Every year in the US, around 180,000 people find out they have a serious type of breast cancer. The American Cancer Society says that 80% of these cases are invasive ductal carcinoma (IDC). IDC starts in the tubes that carry milk to the nipple and can spread to the nearby breast tissue. It usually happens more in older women, but sometimes men can get it too. In this simple project, we are going to show how to use PyTorch and deep learning to sort and understand images of breast tissue to spot cancer. It's important to know that figuring out the different kinds of breast cancer is a vital job that can take trained doctors hours to do. Here, we plan to make this process faster by using different ways to automatically identify breast cancer types through these images with the help of PyTorch and deep learning.
Breast histopathology images can be downloaded from Here These images were put together by Janowczyk and Madabhushi and Roa et al. There are 227,524 small sections, each 50 x 50 pixels, taken from 162 large images of breast cancer samples scanned at high magnification (40x). The collection includes both types of images: those without cancer (called benign) and those with cancer (called malignant). However, there are more than twice as many images without cancer as there are with cancer, showing that the data set has a lot more of one type than the other, which is a common issue called imbalanced data:
- Images without cancer (benign): 198,738.
- Images with cancer (malignant): 78,786.
In this Jupyter Notebook we use a simple CNN architecture to demonstrate a simple solution to a classification problem with 10 classes as output. For this demonstration, a basic dataset, CIFAR-10, was used.
In this Jupyter Notebook we explain how to read and split the image data into training, validation, and testing sets. Like mentioned before, we have about 227,524 images in total. Out of these, we set aside 38,000 images for validation and another 38,000 for testing. We used the rest, which is 201,524 images, to train the model. Here's how it was divided:
- Training: 201,524 images.
- Validation: 38,000 images.
- Testing: 38,000 images.
We have to manage an unbalanced dataset so, in this Notebook we develop a series of augmentations to an image aiming to increase the diversity of your training set:
- Rotation (90, 180, 270 degrees).
- Color enhancement (reducing color intensity).
- Contrast enhancement (increasing contrast).

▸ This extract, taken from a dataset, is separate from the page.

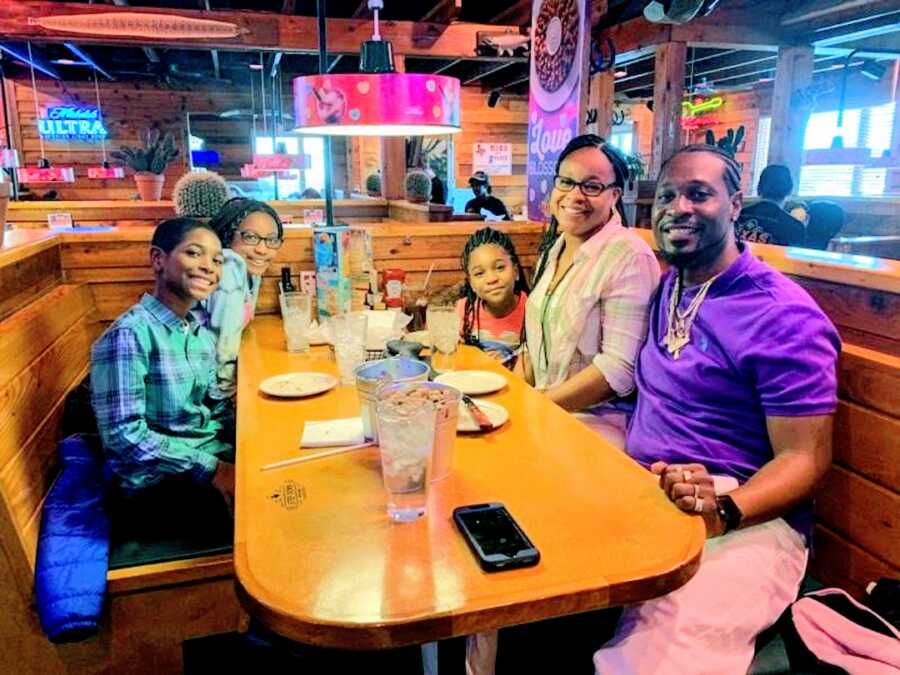 blended family, parents and three children, sit at a booth in a restaurant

- Flipping (left-right and top-bottom).
Logistic regression can serve as a straightforward and interpretable baseline model. Before trying more complex methods, it's helpful to establish a baseline performance with a simple model like logistic regression. This allows you to understand the basic patterns in the data and set a performance benchmark for more complex algorithms.
nn.BCEWithLogitsLoss()is a good choice for binary (and multi-label) classification problems, especially when working with logits, dealing with class imbalance, or needing a stable and efficient way to combine sigmoid activation with binary cross-entropy loss.- Precision, recall, and the F1 score offer a more nuanced understanding of a model's performance on imbalanced datasets.
In this Jupyter Notebook we create a simple architecture of a CNN that we train with the original imbalanced dataset. To address the issue of training a model on an imbalanced dataset in PyTorch we use using a weighted sampling technique. We calculate the inverse of the class counts to determine the weights for each class. The idea is to give more weight to the class with fewer instances and less weight to the class with more instances. Every instance in the training dataset is assigned a weight based on its class.
The WeightedRandomSampler will be used to sample instances from the dataset during training. By providing the samples_weights, the sampler is informed how frequently an instance should be sampled. The second argument, len(samples_weights), specifies the number of samples to draw, which in this case is the total number of instances in the training dataset. This ensures that the model sees instances from the minority class more often than it would in a purely random sampling approach, helping to balance the training process.
class_counts = torch.tensor([144435, 57089])
class_weights = 1. / class_counts
samples_weights = torch.tensor([class_weights[t] for t in train_dataset.targets])
sampler = WeightedRandomSampler(samples_weights, len(samples_weights))
Transfer learning involves taking a model that has been trained on a large dataset and fine-tuning it for a specific task. Using TL with a pretrained ResNet34 model offers a practical and efficient approach to achieving high-performance results on image classification tasks, especially when dealing with limited data or seeking to reduce development and training time. In this task, we modify the final fully connected layer for binary classification. Loss function and optimizer used (for simplicity):
criterion = nn.CrossEntropyLoss()
optimizer = optim.SGD(model.parameters(), lr=0.001, momentum=0.9)
- Simple values for hyperparameters have been used for demonstration.
- Paths for the dataset must be adjusted accordingly.
- Packages:
PyTorch: 2.1.0 torchvision: 0.16.0 matplotlib: 3.8.0 PIL: 10.2.0 numpy: 1.26.0 sklearn: 1.4.1
- Hyperparameter optimization using optuna (recommend).
- Track, organize, and analyze machine learning experiments using Neptune.ai (recommend).